WORK REQUEST:
From the first line to the last, return the data exactly, with no pictures.

INPUT DATA:
--

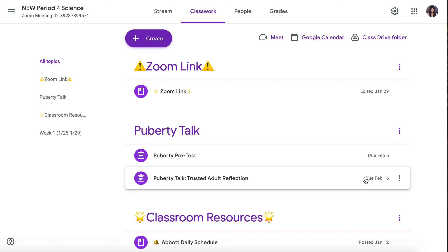For this assignment, you do have until February 16th after President's Day to turn it in. If you finish early, just take some time to read over the instructions again and the questions that you will be asking your trusted adults.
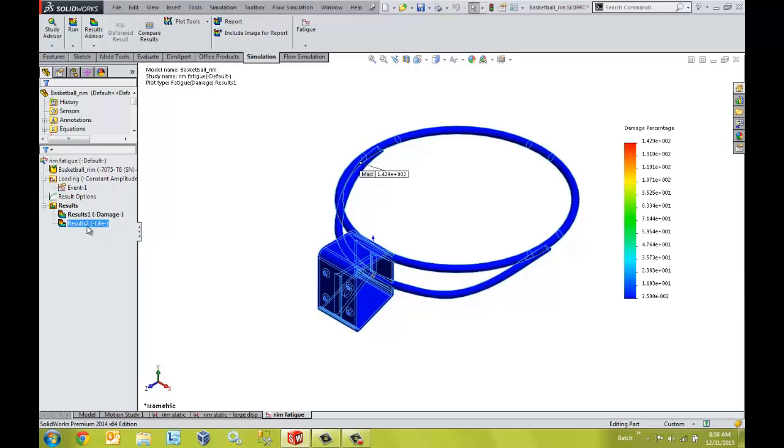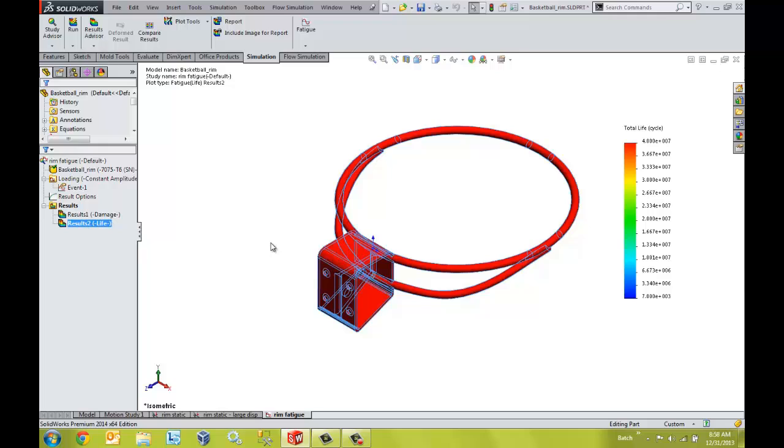We can also look at the resulting life plots to see the maximum number of cycles at the given loading level before fatigue failure occurs.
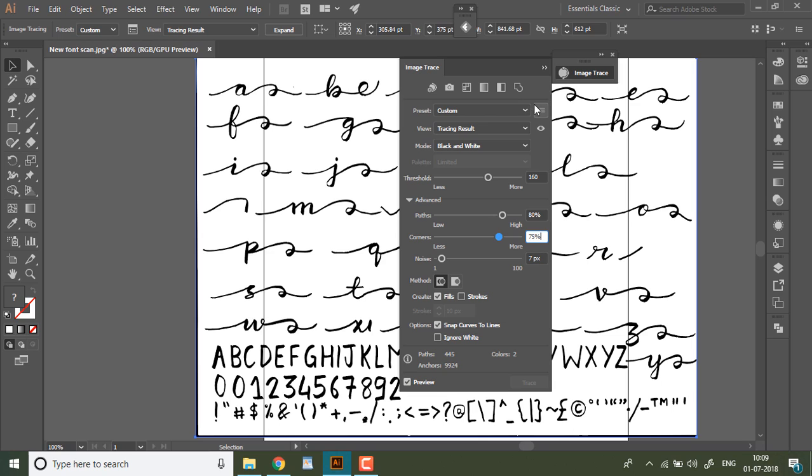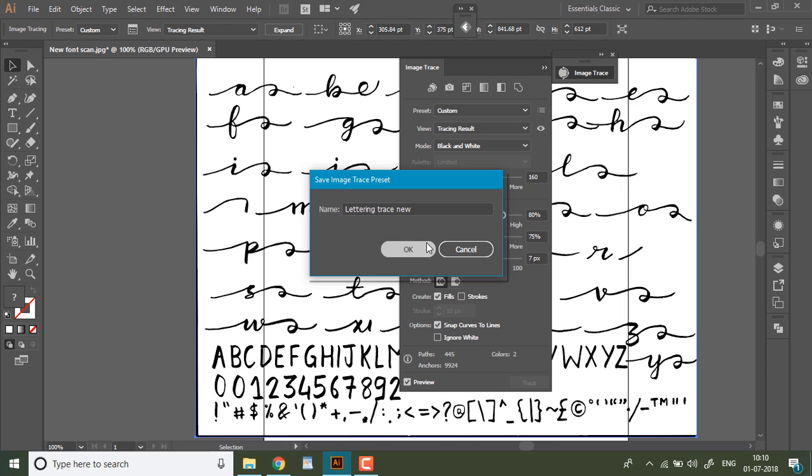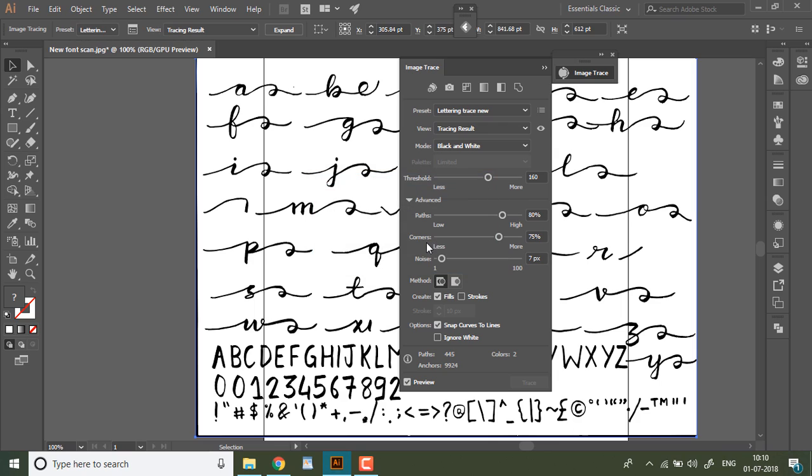In order to save the preset, choose save as new preset and write whatever you want. I am going to be naming it as lettering trace new and hit ok. In the future you can use this setting to directly vectorize your letters.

--

SOLUTION TO THIS PROBLEM:
For this assignment, you do have until February 16th after President's Day to turn it in. If you finish early, just take some time to read over the instructions again and the questions that you will be asking your trusted adults.
We can also look at the resulting life plots to see the maximum number of cycles at the given loading level before fatigue failure occurs.
In order to save the preset, choose save as new preset and write whatever you want. I am going to be naming it as lettering trace new and hit ok. In the future you can use this setting to directly vectorize your letters.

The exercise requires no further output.